Nicolas Fawer, ingénieur chez Biolconseils SA, Philippe Veuve, géologue et hydro-géologue à la Direction générale de l’environnement, Antoine Maillard, président du conseil d’administration de Cand-Landi SA et Antonio Vialatte, municipal de l’Urbanisme à Grandson, ont bravé sans sourciller l’ire des habitants.
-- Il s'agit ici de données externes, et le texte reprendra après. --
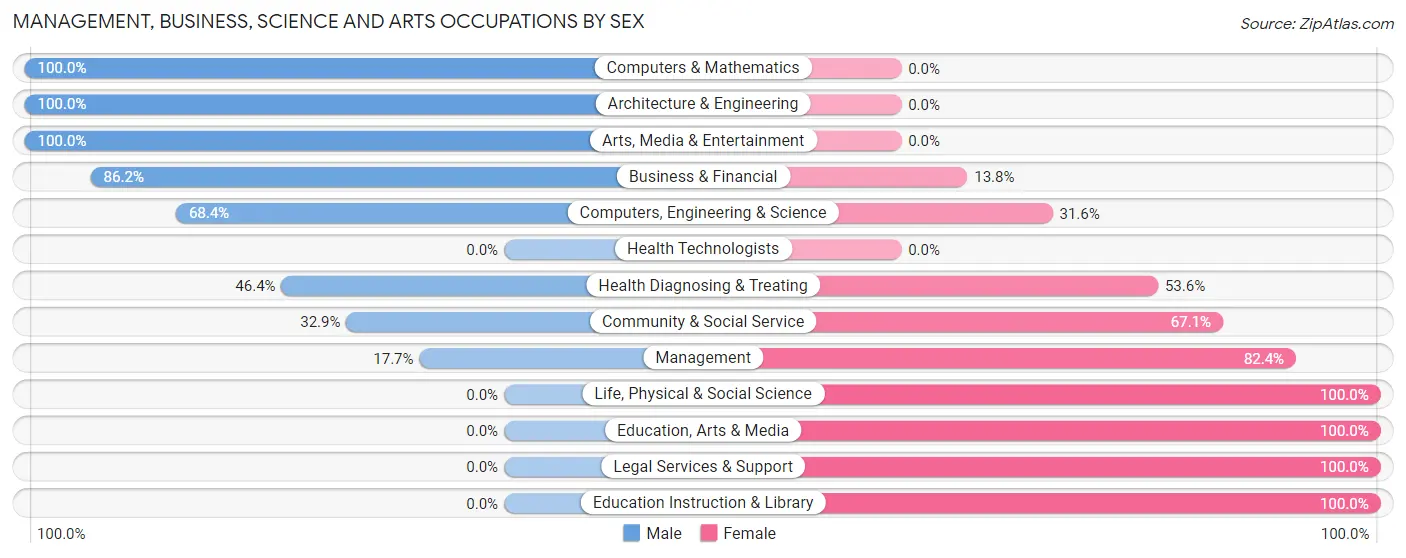 Management, Business, Science and Arts Occupations by Sex in Wareham Center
«Ça vous plairait à vous d’habiter à côté d’une décharge? Croyez-vous que nous arriverons encore vendre nos maisons? Quel bénéfice en tirerons-nous?» Le ton est donné, la soirée va être agitée. Parmi les interrogations arrive immédiatement celle de savoir pourquoi ils n’ont pas été informés en amont de la mise à l’enquête. On sent comme un petit vent de théorie du complot. Pourtant, la soirée et les deux précédentes ont été annoncées sur le site internet de la Commune, dans la Feuille des avis officiels, au pilier public, en tous-ménages, dans le journal La Région Nord vaudois et dans le 24Heures. Sur le fond, tout le monde admet qu’il faut faire quelque chose de nos déchets. Mais quant à savoir où il faut les déposer, c’est toujours mieux chez le voisin! Le fait que le Canton pilote la procédure suscite la méfiance.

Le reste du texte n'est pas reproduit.